Стратегическая изоляция


Ахмадшах Масуд оказался в стратегической ловушке. Его войска контролировали лишь узкую дугу в Северо-Востоке страны: Панджшер, Талукан, Бадахшан, часть Баглана. Всё остальное – от Гильмена до Кундуза, от Герата до Кабула – оказалось под контролем талибов или их союзников.

Масуд оказался не просто отрезан. Он был окружён.

Больше не было стабильного тыла. Он не мог передвигать войска, не мог организовать полномасштабные операции. Доставка оружия, провизии и медикаментов стала зависеть от мула, верблюда и чуда.

Таджикские и хазарейские командиры обвиняли друг друга в поражении. Узбеки отошли в сторону. Масуд остался не просто один – он стал символом, которого все ждали, но мало кто готов был поддержать.

В одном из писем своим приближённым он писал:

«Мы окружены, но это не конец. Это шанс. В темноте голос разума слышен громче».


Глава XIII. Потеря контроля над значительной частью страны


Из 34 провинций Афганистана, Масуд реально контролировал не более пяти. Он потерял доступ к крупным складам, авиабазам, стратегическим шоссе. Граница с Таджикистаном – единственный спасительный проход – стала единственным каналом поставок и связи с внешним миром.

Но и эта «жизненная артерия» была под угрозой: пакистанские и талибские боевики пытались прорваться к границе, чтобы перекрыть ее полностью. Россия, Иран, Таджикистан и даже Индия – все начали с тревогой следить за продвижением Талибана к северной границе Афганистана.

Для Масуда это означало почти полное исчезновение политического влияния. Радио, газеты, телевидение – всё контролировалось Кабулом. В пропаганде Талибана он уже не был героем. Он стал «врагом ислама», «предателем», «агентом неверных».


Усиление давления со стороны талибов


Талибан почувствовал запах крови. После падения Мазар-и-Шарифа боевые группы были быстро переброшены на северо-восточное направление. Их цель была ясна – ликвидация Ахмадшаха Масуда как личности и разрушение остатков Северного Альянса.

Над Панджшером гремели удары артиллерии, дроны-шахиды (на тот момент – примитивные самолёты без пилота, начинённые взрывчаткой), пакистанские военные советники помогали талибам разрабатывать операции.

Масуду приходилось менять местоположение по несколько раз в день. Его машина была обшита дополнительной броней. Он больше не ночевал в одном и том же доме. Один из его телохранителей позже сказал:

– Мы не знали, где будем через два часа. Он мог сказать: «Собирайтесь», – и через 15 минут мы уходили в горы.

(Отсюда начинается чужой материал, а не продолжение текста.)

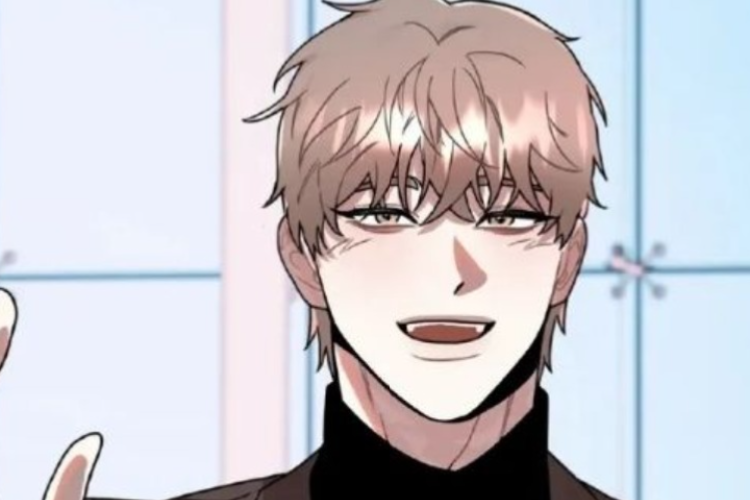 Enlace Para Leer BL Manhwa Bebe Accidental Capítulo 7 en Español, Un saludo que parece soso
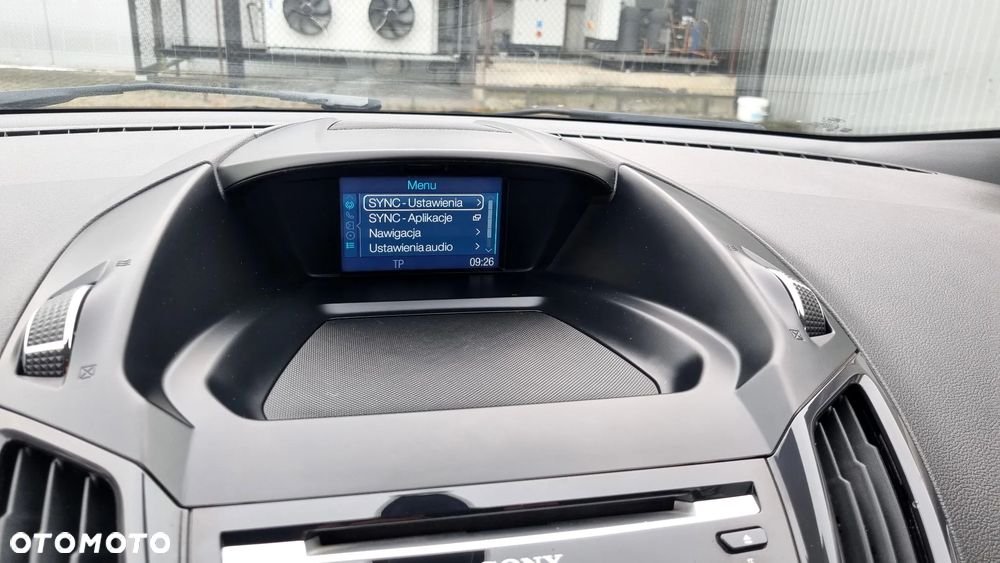 Ford Kuga 2.0 TDCi Titanium - 34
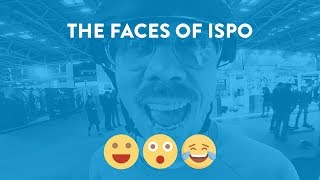 The Faces of ISPO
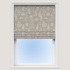 Made To Measure Roman Blinds Chervil Clay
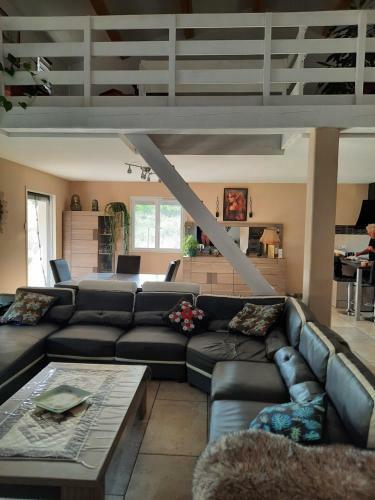 Agroturismo Villa Pr�s Des Remparts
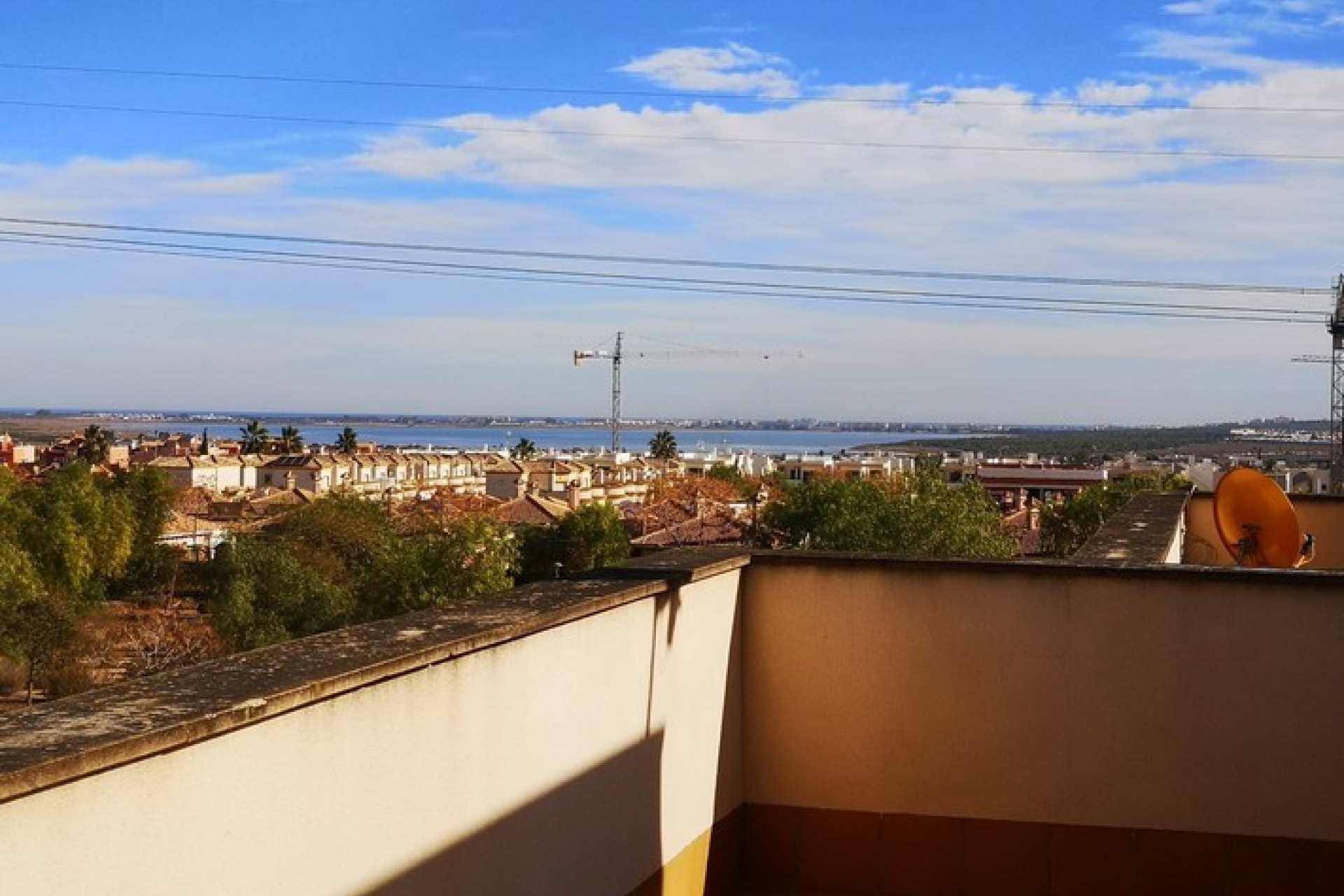 Resale - Town House - Los Montesinos - Costa Blanca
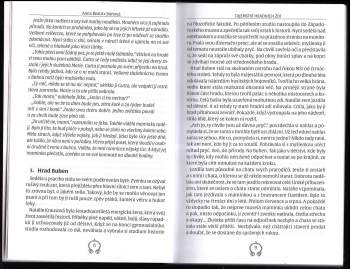 Anna Beatrix Bártová: Tajemství hradních zdí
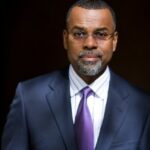 Eddie S. Glaude Jr.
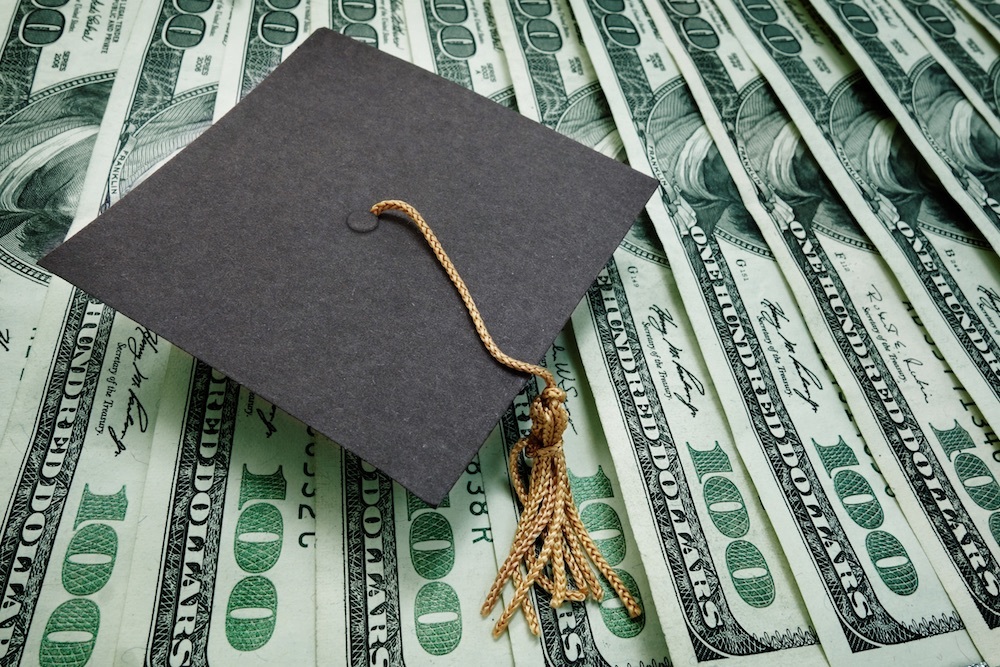 Running Start Orientation on Thursday, April 28, 2022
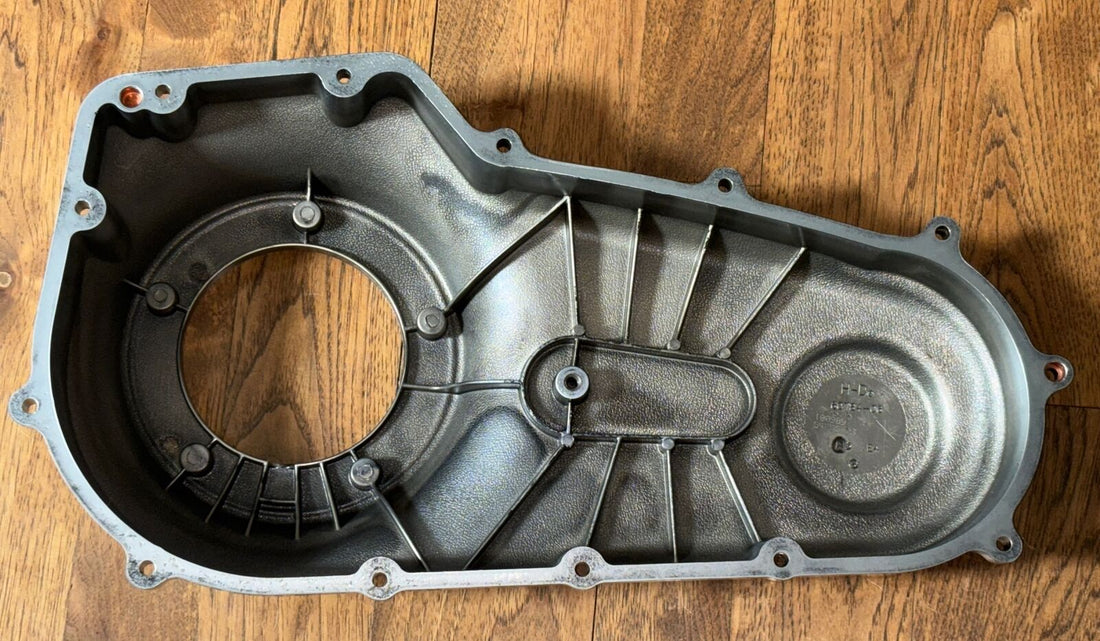60784-06 HARLEY-DAVIDSON SOFTAIL DYNA OUTER PRIMARY COVER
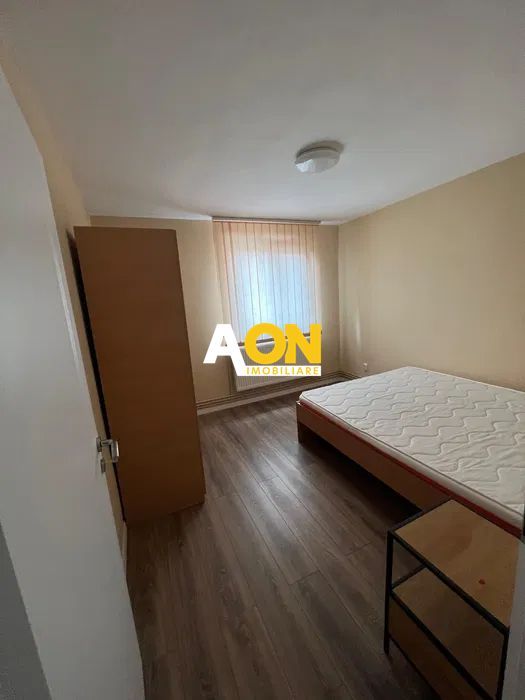 Apartament cu 3 Camere, Etaj Intermediar, Bld. Transilvaniei - Poză 3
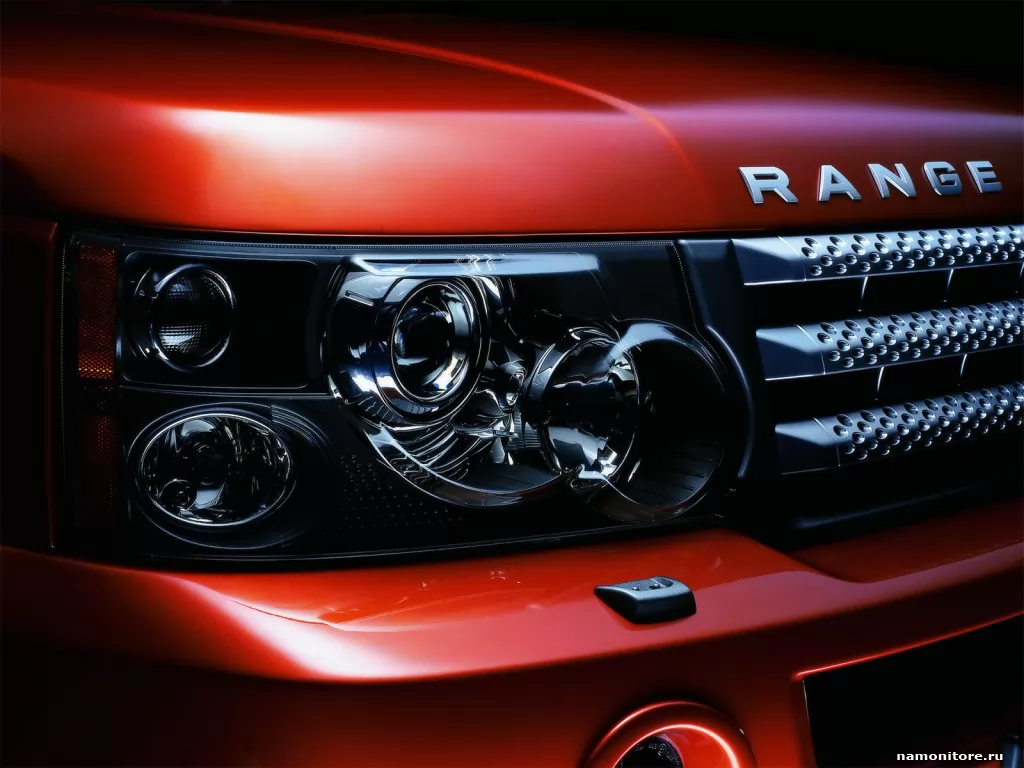   Land Rover Range Rover Sport, Land Rover, , , ,  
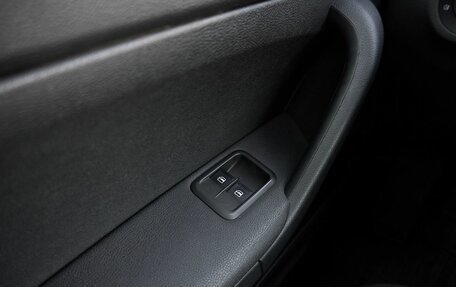 Skoda Yeti I рестайлинг, 2015 год, 1 193 000 рублей, 12 фотография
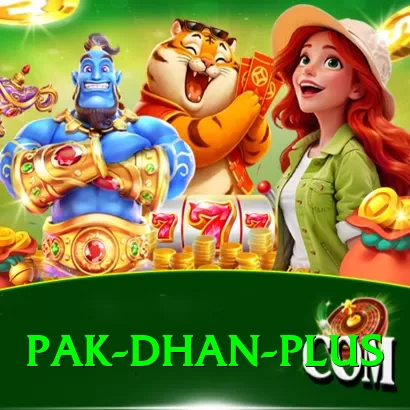 pak dhan Casino Official v2.6.7 - 2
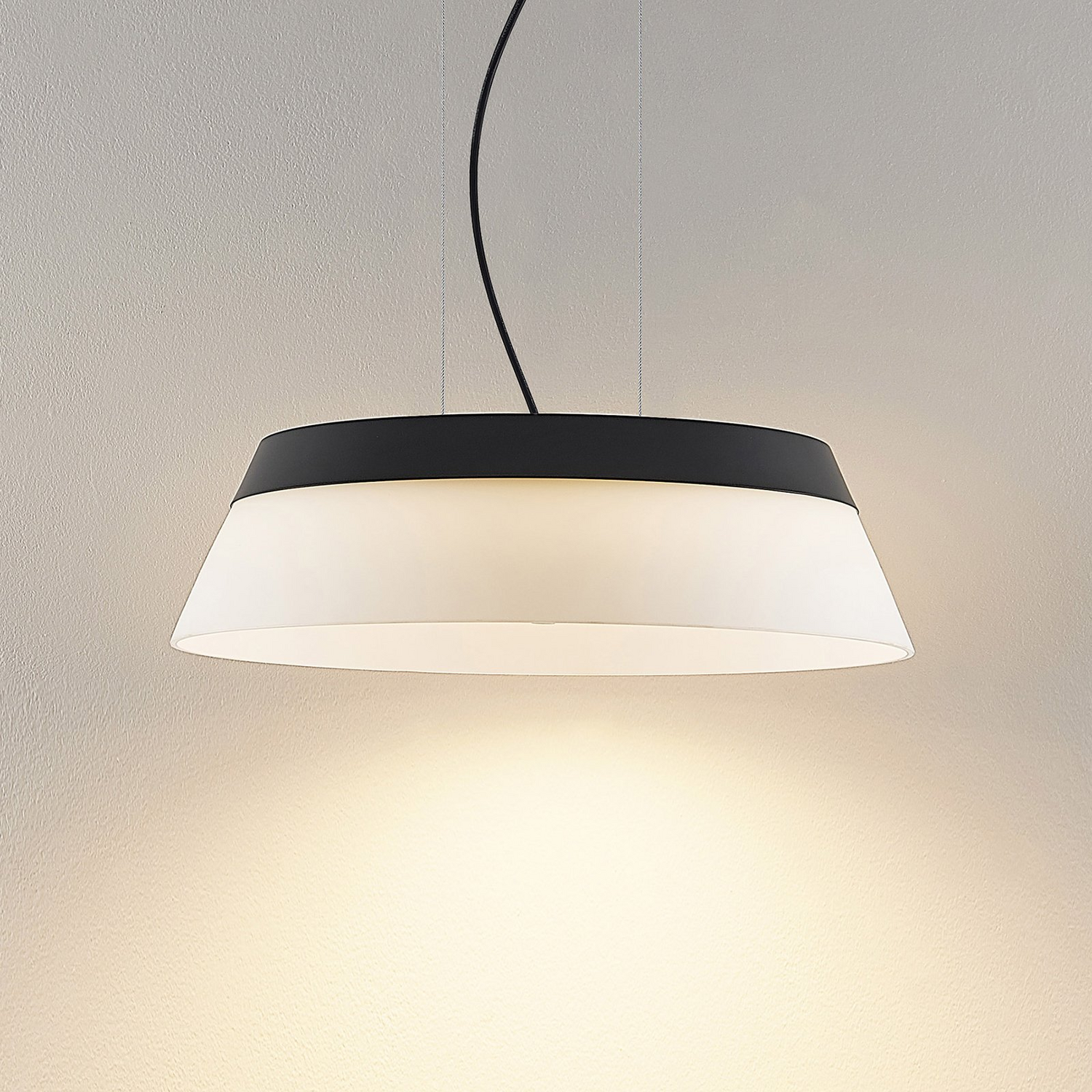 Lucande Jusanna Led Hängeleuchte Hängelampe Leuchte Lampe Pendelleuchte Licht B-Ware - 4251911754384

Глава XIV. Усилия Масуда в международной дипломатии


Понимая, что военной победы без союзников ему не одержать, Масуд развернул невиданный ранее дипломатический фронт.

Он отправлял делегации в Тегеран, Москву, Душанбе и даже в Париж. Он давал интервью французским, итальянским и британским журналистам. Он пригласил на свою территорию европейских дипломатов и показал им лагеря беженцев, разрушенные школы, женщин в оковах шариата, изувеченных за отказ носить паранджу.

Однажды в интервью он сказал:

«Если вы сдадите Афганистан сегодня, завтра сгорит весь мир. Потому что экстремизм не знает границ».

Он предупреждал о глобальной угрозе талибов и Аль-Каиды. Но Запад в то время слушал в пол-уха. Европа была занята Балканами, Америка – экономикой и скандалами в Белом доме. Масуд стучался в закрытые двери.

Тем не менее, его голос стал всё громче. Франция начала отправлять гуманитарную помощь. Россия – сдержанно – вернула линию связи. Иран – сквозь зубы – вновь начал тайные поставки оружия.

В 2000 году он направил в Европу своего представителя – доктор Абдуллу Абдуллу. Тогда его миссия была ясна: – Спасите Афганистан. Или он утянет за собой всех. Все проиграли. Дустум бежал. Хазарейцы молчали. Хекматияр скрылся. Кабул пал. Только один человек не сломался.

Ахмадшах Масуд – стоял.

Один.

Среди гор.

Среди предательства.

Среди страха.

Он понимал, что может умереть в любой день. Но он знал, что его смерть не должна быть напрасной. Потому он продолжал бороться – не просто за долину, не просто за Афганистан. Он боролся за идею. За свободу. За справедливость.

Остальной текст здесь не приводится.